但再便宜,也是史上有名的书法家,更是一朝首辅,怎么也在百万以上。
其次是陆子冈的玉杯。
2011年拍过一樽,加佣金约五百万。虽说眼下的古玩行情比较冷,但少些也得两百万。
价值最高的是那方澄泥砚:
砚呈鱼形,砚背衬以荷叶,黑红相映,荷鱼交辉,色彩鲜丽华美,浓艳与沉着相得益彰。
翻过砚背再看,一行楷体刻字:贻厥孙谋,鉴兮劝惩!
厉害了,不但是宫砚,还是御赐。算少点:三百万……
但他把所有的兜掏完,也就百来万。买不起还是其次,关键是上百万的东西,哪有那么好出手?
所以,东西虽好,但没必要……
下意识的,林思成看了看王齐志。
王教授倒是可以买一件,问题是,对方卖不卖?
林思成想了想:“老人家,能不能商量个事?”
老太太笑咪咪:“娃你社!”
他指了指王齐志:“这是我老师,师承古铜张!”
老太太瞄了瞄王齐志的手,撇了撇嘴:“砸了几道浆?”
意思是打了八百杆子都不止,王齐志连古铜张的徒虫孙都算不上,买东西就算了。
林思成张了张嘴,索性闭上。
老太太又笑了笑,拐棍往地上一顿:“那三个买不起木事,这个,你肯定买得起!”
随即,赵修能挪过托盘,腰一勾,又从茶几底下拉出一口箱子。
打开匣盖,取掉海绵,又揭开三层软布,匣子一分为二。
一边是碎瓷,另一边也是碎瓷。
但一半黄,一半蓝中有黄。
纯黄的这一半与王齐志刚买的那只碗如出一辄,娇嫩如葵花,黄亮如鸡油,弘治娇黄釉无疑。
虽无龙纹,但目测一下,原器比合碗大许多,既便不是罐,至少也是尊。
再看另一半,典型的弘治黄底青花瓷:釉色柔和,釉质肥厚,青中泛灰,呈现出独特的玉质感。
再看纹饰:花中有龙,线条纤弱,笔法洒脱,且透着几份随意,与桌上那只碗别无二致。
翻了翻,林思成掏出底座,果不然:大明弘治年制。
弘治娇黄釉琵琶尊,弘治黄地青花穿花龙纹大罐?
前者还好,特别是后者:工艺源自成化斗彩,故称弘治斗彩。

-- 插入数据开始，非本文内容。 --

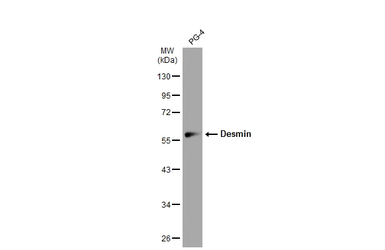 Anti-Desmin antibody used in Western Blot (WB). GTX103557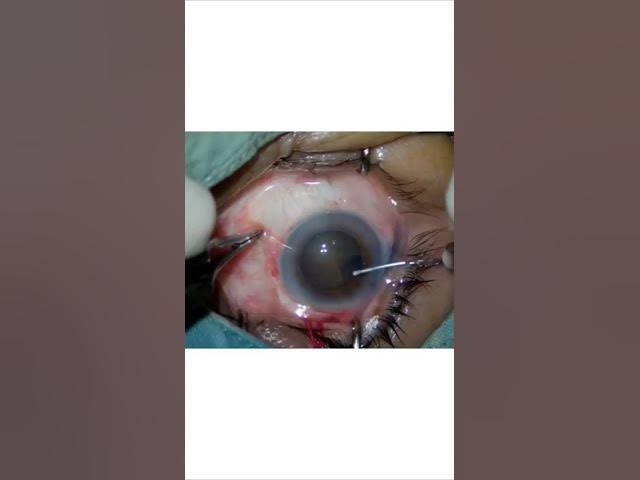 Video thumbnail for 14 September 2024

就凭这个底儿和那条龙,这半匣瓷片都值二十万。
要是能拼出来,不比王教授的那只合碗的价值低。
所以,哪怕这箱子里的瓷片不太全,也要买下来。
大致翻了翻,没发现真中混假的现像,林思成伸出手,准备问问价。
而袖子都捋了下来,他又突地一顿。
弘治娇黄釉琵琶尊,弘治穿花龙纹大罐,弘治娇黄釉合碗……哪来这么多弘治御器?
关键的是,没丁点的沁斑,说明这三件,没有一件入过土?
但这不是重点,重点是成色……不出意外,这方砚与琵琶尊、龙纹罐、合碗是同时代的东西。
精确一点:一直都在一块儿……
再看那张字帖:李东阳《木斋先生将登舟以诗见寄次韵》!
李东阳是谁?
弘治年间尚书、阁老、文渊阁大学士。
木斋先生为庄昶,弘治年任南京吏部郎中,与李东阳是同乡,更是至交。
两人都是江苏人,那李东阳送给庄昶的辞别诗,如何到了陕西?
林思成不太清楚,但他知道:庄昶的女儿嫁给了时任山西参政(从三品)李俊的儿子,而李俊,就是岐山人。死后葬在岐山凤鸣岗,离这儿还不到十公里。
盲猜一下:这张字帖,会不会是儿媳的嫁妆?
其次,弘治初,李俊任过侍讲,后任湖广布政使参议、屡任山西参政,深得弘治信任。那包括那方砚、那只碗,这匣中罐和尊,是不是都是弘治所赐?